• _Work item_
Copy the records below exactly.
● ● ●
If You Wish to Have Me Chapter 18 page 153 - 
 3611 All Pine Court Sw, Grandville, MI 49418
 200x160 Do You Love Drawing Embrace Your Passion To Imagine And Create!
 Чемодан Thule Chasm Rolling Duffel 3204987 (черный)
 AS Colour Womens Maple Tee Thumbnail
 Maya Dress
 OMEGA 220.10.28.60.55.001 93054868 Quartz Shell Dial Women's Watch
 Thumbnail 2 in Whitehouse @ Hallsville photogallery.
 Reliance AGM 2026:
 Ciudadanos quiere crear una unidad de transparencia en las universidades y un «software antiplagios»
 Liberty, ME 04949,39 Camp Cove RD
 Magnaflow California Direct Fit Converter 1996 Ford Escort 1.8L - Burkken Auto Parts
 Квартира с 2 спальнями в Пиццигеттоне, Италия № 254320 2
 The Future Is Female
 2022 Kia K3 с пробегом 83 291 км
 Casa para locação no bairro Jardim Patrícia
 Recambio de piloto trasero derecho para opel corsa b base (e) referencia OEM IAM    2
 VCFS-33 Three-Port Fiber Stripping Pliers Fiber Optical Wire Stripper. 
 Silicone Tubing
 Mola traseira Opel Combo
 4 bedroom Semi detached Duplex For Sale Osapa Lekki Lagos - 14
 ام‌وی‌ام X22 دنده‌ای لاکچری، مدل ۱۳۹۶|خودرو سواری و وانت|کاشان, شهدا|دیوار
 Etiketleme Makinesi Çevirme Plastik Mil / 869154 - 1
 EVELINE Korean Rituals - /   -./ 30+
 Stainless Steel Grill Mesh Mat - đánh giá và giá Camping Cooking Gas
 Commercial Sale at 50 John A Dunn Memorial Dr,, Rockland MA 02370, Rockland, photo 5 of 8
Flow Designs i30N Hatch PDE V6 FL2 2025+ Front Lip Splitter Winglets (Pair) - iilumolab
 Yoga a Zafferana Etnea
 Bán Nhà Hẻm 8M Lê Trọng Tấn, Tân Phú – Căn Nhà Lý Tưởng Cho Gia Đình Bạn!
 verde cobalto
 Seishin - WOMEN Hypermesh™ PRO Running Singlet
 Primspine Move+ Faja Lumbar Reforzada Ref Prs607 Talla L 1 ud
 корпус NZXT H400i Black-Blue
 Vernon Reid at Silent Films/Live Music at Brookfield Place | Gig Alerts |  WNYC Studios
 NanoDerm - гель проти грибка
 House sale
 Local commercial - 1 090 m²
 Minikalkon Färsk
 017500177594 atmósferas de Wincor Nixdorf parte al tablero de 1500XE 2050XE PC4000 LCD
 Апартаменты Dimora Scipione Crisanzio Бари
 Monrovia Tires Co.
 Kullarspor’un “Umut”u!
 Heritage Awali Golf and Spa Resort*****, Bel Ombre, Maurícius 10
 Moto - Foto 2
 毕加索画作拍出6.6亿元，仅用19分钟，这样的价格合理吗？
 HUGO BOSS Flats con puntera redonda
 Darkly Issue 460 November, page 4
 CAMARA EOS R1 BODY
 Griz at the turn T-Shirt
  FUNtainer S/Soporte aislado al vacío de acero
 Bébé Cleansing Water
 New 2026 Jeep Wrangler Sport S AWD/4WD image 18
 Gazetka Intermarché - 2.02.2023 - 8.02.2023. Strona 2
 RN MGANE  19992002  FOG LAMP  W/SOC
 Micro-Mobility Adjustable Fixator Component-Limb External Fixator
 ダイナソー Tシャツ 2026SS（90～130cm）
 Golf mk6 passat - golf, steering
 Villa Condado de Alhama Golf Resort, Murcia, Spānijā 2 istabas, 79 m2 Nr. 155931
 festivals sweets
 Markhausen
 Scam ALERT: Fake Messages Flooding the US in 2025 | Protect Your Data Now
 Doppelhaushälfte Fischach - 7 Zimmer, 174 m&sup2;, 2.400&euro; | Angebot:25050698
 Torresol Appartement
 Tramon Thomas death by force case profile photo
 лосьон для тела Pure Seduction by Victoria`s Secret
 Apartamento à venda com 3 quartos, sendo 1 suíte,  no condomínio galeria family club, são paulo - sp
● ● ●
• _Output_
If You Wish to Have Me Chapter 18 page 153 - 
 3611 All Pine Court Sw, Grandville, MI 49418
 200x160 Do You Love Drawing Embrace Your Passion To Imagine And Create!
 Чемодан Thule Chasm Rolling Duffel 3204987 (черный)
 AS Colour Womens Maple Tee Thumbnail
 Maya Dress
 OMEGA 220.10.28.60.55.001 93054868 Quartz Shell Dial Women's Watch
 Thumbnail 2 in Whitehouse @ Hallsville photogallery.
 Reliance AGM 2026:
 Ciudadanos quiere crear una unidad de transparencia en las universidades y un «software antiplagios»
 Liberty, ME 04949,39 Camp Cove RD
 Magnaflow California Direct Fit Converter 1996 Ford Escort 1.8L - Burkken Auto Parts
 Квартира с 2 спальнями в Пиццигеттоне, Италия № 254320 2
 The Future Is Female
 2022 Kia K3 с пробегом 83 291 км
 Casa para locação no bairro Jardim Patrícia
 Recambio de piloto trasero derecho para opel corsa b base (e) referencia OEM IAM    2
 VCFS-33 Three-Port Fiber Stripping Pliers Fiber Optical Wire Stripper. 
 Silicone Tubing
 Mola traseira Opel Combo
 4 bedroom Semi detached Duplex For Sale Osapa Lekki Lagos - 14
 ام‌وی‌ام X22 دنده‌ای لاکچری، مدل ۱۳۹۶|خودرو سواری و وانت|کاشان, شهدا|دیوار
 Etiketleme Makinesi Çevirme Plastik Mil / 869154 - 1
 EVELINE Korean Rituals - /   -./ 30+
 Stainless Steel Grill Mesh Mat - đánh giá và giá Camping Cooking Gas
 Commercial Sale at 50 John A Dunn Memorial Dr,, Rockland MA 02370, Rockland, photo 5 of 8
Flow Designs i30N Hatch PDE V6 FL2 2025+ Front Lip Splitter Winglets (Pair) - iilumolab
 Yoga a Zafferana Etnea
 Bán Nhà Hẻm 8M Lê Trọng Tấn, Tân Phú – Căn Nhà Lý Tưởng Cho Gia Đình Bạn!
 verde cobalto
 Seishin - WOMEN Hypermesh™ PRO Running Singlet
 Primspine Move+ Faja Lumbar Reforzada Ref Prs607 Talla L 1 ud
 корпус NZXT H400i Black-Blue
 Vernon Reid at Silent Films/Live Music at Brookfield Place | Gig Alerts |  WNYC Studios
 NanoDerm - гель проти грибка
 House sale
 Local commercial - 1 090 m²
 Minikalkon Färsk
 017500177594 atmósferas de Wincor Nixdorf parte al tablero de 1500XE 2050XE PC4000 LCD
 Апартаменты Dimora Scipione Crisanzio Бари
 Monrovia Tires Co.
 Kullarspor’un “Umut”u!
 Heritage Awali Golf and Spa Resort*****, Bel Ombre, Maurícius 10
 Moto - Foto 2
 毕加索画作拍出6.6亿元，仅用19分钟，这样的价格合理吗？
 HUGO BOSS Flats con puntera redonda
 Darkly Issue 460 November, page 4
 CAMARA EOS R1 BODY
 Griz at the turn T-Shirt
  FUNtainer S/Soporte aislado al vacío de acero
 Bébé Cleansing Water
 New 2026 Jeep Wrangler Sport S AWD/4WD image 18
 Gazetka Intermarché - 2.02.2023 - 8.02.2023. Strona 2
 RN MGANE  19992002  FOG LAMP  W/SOC
 Micro-Mobility Adjustable Fixator Component-Limb External Fixator
 ダイナソー Tシャツ 2026SS（90～130cm）
 Golf mk6 passat - golf, steering
 Villa Condado de Alhama Golf Resort, Murcia, Spānijā 2 istabas, 79 m2 Nr. 155931
 festivals sweets
 Markhausen
 Scam ALERT: Fake Messages Flooding the US in 2025 | Protect Your Data Now
 Doppelhaushälfte Fischach - 7 Zimmer, 174 m&sup2;, 2.400&euro; | Angebot:25050698
 Torresol Appartement
 Tramon Thomas death by force case profile photo
 лосьон для тела Pure Seduction by Victoria`s Secret
 Apartamento à venda com 3 quartos, sendo 1 suíte,  no condomínio galeria family club, são paulo - sp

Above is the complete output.